The police chiefs of Texas’ five biggest cities, which includes Dallas and Houston, opposed the bill from the start
By Paul J. Weber
AUSTIN, Texas — What to know about a Texas bill targeting so-called ‘sanctuary cities’ that is heading to the desk of Republican Gov. Greg Abbott, who has pledged to sign the measure that immigrant-rights activists say will lead to profiling and discrimination.
COMPARISONS TO ARIZONA’S LAW
Opponents blast the Texas bill as a version of Arizona’s immigration crackdown law, SB 1070, which launched protests, lawsuits and national controversy in 2010.
Students gather in the Rotunda at the Texas Capitol to oppose SB4, an anti-“sanctuary cities” bill that already cleared the Texas Senate and seeks to jail sheriffs and other officials who refuse to help enforce federal immigration law, as the Texas House prepares to debate the bill, Wednesday, April 26, 2017, in Austin, Texas. (AP Photo/Eric Gay)
But the Texas and Arizona bills are not identical. Whereas the Arizona law required police to try to determine the immigration status of people during routine stops, the Texas bill doesn’t instruct officers to ask. But it does allow Texas police to inquire whether a person is in the country legally, even if they’re not under arrest.
Courts blocked other portions of Arizona’s law, including one that made it a crime not to carry immigrations documents, which were never proposed under the Texas bill.
POLICE CHIEFS, SHERIFFS COULD BE JAILED
Police chiefs and sheriffs could be charged with a Class A misdemeanor — which carries possible jail time — if they fail to honor a jail detainer request from federal immigration agents. What’s more, not honoring a request would qualify as an official misconduct charge, which adds the threat of removal from office if a police chief or sheriff is convicted for not complying.
The state could also fine local governments $25,000 if they don’t comply.
Enforcement of the law would also extend to college campuses. One of the few carve-outs Republicans allowed during marathon and divisive debates in the Texas Capitol was exempting churches.
A PRORITY FOR THE GOVERNOR
Abbott, who as attorney general in 2010 signed onto court briefs supporting Arizona’s law, is now on the verge of making sanctuary cities the defining issue of his first term as governor.

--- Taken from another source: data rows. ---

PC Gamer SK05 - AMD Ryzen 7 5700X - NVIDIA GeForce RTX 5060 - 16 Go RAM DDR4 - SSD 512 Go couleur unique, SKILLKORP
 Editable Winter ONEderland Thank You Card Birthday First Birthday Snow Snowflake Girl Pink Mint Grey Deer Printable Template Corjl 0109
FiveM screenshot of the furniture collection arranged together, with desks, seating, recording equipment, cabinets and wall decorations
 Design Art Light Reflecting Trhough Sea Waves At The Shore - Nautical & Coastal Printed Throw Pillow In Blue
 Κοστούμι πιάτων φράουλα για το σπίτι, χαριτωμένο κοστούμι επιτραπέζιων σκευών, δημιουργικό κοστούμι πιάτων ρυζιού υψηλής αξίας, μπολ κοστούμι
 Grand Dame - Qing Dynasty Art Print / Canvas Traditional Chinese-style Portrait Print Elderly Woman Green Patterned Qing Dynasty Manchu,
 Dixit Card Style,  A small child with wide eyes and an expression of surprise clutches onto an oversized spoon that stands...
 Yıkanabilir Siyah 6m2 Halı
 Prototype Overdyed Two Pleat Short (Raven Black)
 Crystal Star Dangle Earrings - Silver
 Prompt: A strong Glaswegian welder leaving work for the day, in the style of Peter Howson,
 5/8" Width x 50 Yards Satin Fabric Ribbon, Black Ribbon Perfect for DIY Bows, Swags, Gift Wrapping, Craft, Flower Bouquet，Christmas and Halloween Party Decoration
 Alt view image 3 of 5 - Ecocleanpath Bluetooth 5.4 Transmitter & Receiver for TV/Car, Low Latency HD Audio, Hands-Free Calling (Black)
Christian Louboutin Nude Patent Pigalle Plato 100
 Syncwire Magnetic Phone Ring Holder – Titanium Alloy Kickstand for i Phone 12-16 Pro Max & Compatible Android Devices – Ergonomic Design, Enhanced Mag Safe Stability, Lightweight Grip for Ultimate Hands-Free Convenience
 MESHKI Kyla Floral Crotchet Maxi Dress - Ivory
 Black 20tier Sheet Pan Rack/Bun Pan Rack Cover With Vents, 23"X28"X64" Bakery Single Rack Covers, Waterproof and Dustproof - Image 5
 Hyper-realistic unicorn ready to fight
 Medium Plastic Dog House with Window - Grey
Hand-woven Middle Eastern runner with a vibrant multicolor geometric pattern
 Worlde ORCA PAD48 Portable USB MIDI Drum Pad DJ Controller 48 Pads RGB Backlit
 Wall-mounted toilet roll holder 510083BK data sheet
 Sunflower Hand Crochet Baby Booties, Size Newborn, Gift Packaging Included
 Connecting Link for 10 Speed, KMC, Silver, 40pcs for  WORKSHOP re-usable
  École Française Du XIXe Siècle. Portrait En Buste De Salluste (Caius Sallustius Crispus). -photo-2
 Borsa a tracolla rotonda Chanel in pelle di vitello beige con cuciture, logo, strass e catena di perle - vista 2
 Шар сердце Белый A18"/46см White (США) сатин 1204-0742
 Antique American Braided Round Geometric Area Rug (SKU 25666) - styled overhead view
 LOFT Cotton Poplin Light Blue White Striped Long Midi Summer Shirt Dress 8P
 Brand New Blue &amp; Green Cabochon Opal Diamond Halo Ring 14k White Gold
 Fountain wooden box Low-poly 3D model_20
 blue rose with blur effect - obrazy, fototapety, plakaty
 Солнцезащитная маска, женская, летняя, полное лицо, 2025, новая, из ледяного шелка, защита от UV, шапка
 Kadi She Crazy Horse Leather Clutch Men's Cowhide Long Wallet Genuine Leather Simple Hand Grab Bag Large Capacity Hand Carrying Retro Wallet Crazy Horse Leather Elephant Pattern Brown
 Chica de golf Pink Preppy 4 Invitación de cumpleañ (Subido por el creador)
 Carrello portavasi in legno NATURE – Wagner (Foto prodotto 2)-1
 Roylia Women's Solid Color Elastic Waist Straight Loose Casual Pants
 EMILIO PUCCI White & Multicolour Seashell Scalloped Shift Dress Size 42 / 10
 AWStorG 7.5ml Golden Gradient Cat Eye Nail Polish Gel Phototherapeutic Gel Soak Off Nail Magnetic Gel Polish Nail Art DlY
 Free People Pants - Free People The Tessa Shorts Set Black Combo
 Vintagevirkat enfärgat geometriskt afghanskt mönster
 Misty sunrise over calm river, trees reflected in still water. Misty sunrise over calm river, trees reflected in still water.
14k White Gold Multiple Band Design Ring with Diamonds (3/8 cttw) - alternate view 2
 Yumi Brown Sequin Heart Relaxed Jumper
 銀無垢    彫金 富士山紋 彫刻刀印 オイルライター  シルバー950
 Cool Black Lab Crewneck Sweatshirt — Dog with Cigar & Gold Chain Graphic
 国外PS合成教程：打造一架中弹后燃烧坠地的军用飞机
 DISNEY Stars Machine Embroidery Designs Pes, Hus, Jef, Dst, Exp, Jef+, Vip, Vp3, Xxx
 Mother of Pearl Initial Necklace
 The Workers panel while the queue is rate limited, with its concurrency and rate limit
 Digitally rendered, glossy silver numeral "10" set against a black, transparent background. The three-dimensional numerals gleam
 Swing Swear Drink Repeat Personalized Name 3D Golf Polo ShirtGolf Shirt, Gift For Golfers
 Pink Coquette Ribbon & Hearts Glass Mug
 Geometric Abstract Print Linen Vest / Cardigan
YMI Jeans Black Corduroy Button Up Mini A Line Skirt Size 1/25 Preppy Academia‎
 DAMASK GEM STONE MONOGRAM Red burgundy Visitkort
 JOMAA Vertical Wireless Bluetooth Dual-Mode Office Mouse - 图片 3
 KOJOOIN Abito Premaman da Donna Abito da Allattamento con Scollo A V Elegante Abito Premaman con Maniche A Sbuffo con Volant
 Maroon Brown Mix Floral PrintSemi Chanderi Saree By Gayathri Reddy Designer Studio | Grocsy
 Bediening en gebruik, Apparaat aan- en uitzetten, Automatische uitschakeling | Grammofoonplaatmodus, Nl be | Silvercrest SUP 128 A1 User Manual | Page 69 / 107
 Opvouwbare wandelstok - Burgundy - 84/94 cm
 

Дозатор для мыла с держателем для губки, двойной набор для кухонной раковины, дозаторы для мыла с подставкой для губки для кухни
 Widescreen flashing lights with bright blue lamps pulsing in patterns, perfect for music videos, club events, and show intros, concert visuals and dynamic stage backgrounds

He has already blocked more than $1 million in state grant dollars to Travis County, home of liberal Austin, after the new Democratic sheriff announced in January her jails would no longer honor all detainer requesters made by U.S. Immigrations and Customs Enforcement agents.
On Thursday, Travis County Sheriff Sally Hernandez said in a statement that it was “unfortunate that fear and misinformation enabled” the bill to pass. She said she has always followed the law “and that will not change.”
Abbott declared a sanctuary city ban a legislative priority — just as his predecessor, former Gov. Rick Perry, did in 2011 but couldn’t pass. The Texas Legislature’s increasing drift to the right has eroded past resistance by moderate Republicans. Abbott is likely to sign the bill even before the Legislature adjourns later this month.
“I’m getting my signing pen warmed up,” he tweeted after Wednesday’s vote.
PUSHBACK FROM BIG CITY POLICE
The police chiefs of Texas’ five biggest cities, which includes Dallas and Houston, oppose the bill from the start. They said the bill will push immigrant families further into the shadows and deter them from coming forward to cooperate as witnesses or report crimes, including when they’re the victim.